(Caption-style text data)
+-------+

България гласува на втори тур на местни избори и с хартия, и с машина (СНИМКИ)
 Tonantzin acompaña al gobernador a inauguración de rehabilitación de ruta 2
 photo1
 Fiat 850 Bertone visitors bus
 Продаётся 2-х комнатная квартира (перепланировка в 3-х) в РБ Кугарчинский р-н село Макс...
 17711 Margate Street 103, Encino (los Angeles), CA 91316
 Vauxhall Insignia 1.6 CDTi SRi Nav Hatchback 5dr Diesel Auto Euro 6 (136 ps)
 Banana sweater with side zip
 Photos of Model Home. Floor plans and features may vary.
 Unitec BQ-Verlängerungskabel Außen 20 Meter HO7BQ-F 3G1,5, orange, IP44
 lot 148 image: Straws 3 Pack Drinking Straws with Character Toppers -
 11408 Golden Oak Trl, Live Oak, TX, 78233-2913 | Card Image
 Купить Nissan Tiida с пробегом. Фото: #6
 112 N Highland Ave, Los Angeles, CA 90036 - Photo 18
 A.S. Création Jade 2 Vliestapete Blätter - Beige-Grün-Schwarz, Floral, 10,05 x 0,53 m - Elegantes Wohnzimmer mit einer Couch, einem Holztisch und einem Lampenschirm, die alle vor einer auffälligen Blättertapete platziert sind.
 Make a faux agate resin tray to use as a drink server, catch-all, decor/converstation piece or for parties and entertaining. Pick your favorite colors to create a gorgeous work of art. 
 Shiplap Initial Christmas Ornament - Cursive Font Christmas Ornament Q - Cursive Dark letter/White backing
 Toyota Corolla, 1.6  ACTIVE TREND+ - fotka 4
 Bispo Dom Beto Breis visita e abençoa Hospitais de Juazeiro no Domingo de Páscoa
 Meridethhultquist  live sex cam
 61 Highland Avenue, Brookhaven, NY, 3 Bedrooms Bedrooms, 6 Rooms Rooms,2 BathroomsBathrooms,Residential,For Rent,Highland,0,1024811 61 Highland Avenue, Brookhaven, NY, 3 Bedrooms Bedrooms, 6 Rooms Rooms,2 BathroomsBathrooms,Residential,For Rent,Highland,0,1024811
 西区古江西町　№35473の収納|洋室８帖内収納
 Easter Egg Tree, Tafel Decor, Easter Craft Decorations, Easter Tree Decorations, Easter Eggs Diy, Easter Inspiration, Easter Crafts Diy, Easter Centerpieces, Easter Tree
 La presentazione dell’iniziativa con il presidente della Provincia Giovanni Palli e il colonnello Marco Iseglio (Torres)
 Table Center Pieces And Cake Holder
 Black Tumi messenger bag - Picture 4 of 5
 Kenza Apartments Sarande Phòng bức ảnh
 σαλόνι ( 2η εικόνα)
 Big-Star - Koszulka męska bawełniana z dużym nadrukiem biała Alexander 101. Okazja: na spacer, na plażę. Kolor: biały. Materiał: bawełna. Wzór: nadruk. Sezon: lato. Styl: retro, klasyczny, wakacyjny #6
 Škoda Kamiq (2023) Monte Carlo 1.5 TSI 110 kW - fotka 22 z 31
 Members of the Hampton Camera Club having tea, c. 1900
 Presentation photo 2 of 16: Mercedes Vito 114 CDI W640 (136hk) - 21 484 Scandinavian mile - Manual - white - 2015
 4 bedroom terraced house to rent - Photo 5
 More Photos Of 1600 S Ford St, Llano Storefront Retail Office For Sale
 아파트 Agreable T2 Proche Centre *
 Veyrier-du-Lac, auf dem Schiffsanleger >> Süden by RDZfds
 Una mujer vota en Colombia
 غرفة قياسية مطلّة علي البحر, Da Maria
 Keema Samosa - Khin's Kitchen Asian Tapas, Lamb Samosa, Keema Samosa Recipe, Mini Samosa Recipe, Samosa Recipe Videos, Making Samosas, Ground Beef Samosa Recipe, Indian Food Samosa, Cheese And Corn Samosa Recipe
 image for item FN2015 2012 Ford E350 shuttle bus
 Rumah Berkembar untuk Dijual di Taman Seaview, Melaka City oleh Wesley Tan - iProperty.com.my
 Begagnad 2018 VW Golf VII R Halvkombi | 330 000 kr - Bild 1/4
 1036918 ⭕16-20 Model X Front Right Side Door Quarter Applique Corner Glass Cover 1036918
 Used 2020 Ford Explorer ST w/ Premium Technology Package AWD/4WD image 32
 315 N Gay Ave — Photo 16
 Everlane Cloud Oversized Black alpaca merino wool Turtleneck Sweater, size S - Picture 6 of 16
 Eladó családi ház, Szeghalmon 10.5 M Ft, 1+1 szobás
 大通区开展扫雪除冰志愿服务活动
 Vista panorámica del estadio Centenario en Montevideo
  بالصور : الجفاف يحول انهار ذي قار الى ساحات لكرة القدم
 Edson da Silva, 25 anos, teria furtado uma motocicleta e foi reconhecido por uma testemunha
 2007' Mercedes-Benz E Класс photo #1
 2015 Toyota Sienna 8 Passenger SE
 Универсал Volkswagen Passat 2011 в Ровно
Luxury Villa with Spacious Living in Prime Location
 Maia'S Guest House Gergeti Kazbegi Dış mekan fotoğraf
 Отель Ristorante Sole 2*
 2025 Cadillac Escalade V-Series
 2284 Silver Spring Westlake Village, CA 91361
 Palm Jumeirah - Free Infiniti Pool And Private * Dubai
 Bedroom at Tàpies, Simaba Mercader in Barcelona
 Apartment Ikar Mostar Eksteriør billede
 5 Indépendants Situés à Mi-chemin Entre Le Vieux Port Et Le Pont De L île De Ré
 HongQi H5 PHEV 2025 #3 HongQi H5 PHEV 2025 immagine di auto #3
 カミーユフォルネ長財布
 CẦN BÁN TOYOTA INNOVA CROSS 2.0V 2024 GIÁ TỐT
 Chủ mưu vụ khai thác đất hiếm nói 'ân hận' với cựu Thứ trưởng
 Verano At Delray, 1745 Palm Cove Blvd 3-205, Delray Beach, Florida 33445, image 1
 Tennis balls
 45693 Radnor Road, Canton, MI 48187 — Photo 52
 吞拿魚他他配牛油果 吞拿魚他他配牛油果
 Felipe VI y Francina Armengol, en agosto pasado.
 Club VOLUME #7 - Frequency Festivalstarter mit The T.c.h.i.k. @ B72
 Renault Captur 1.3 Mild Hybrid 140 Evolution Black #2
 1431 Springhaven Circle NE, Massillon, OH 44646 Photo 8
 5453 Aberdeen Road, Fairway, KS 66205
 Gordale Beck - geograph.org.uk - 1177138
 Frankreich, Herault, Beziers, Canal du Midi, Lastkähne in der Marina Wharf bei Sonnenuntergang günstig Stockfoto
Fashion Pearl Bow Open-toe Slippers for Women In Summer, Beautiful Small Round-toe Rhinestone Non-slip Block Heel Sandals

+-------+

- [Task to carry out] Taking the records above, retype every line from the one with "غرفة قياسية مطلّة علي البحر, Da Maria" down to the one with "315 N Gay Ave — Photo 16", exactly and with nothing else.

- [Expected answer]
 غرفة قياسية مطلّة علي البحر, Da Maria
 Keema Samosa - Khin's Kitchen Asian Tapas, Lamb Samosa, Keema Samosa Recipe, Mini Samosa Recipe, Samosa Recipe Videos, Making Samosas, Ground Beef Samosa Recipe, Indian Food Samosa, Cheese And Corn Samosa Recipe
 image for item FN2015 2012 Ford E350 shuttle bus
 Rumah Berkembar untuk Dijual di Taman Seaview, Melaka City oleh Wesley Tan - iProperty.com.my
 Begagnad 2018 VW Golf VII R Halvkombi | 330 000 kr - Bild 1/4
 1036918 ⭕16-20 Model X Front Right Side Door Quarter Applique Corner Glass Cover 1036918
 Used 2020 Ford Explorer ST w/ Premium Technology Package AWD/4WD image 32
 315 N Gay Ave — Photo 16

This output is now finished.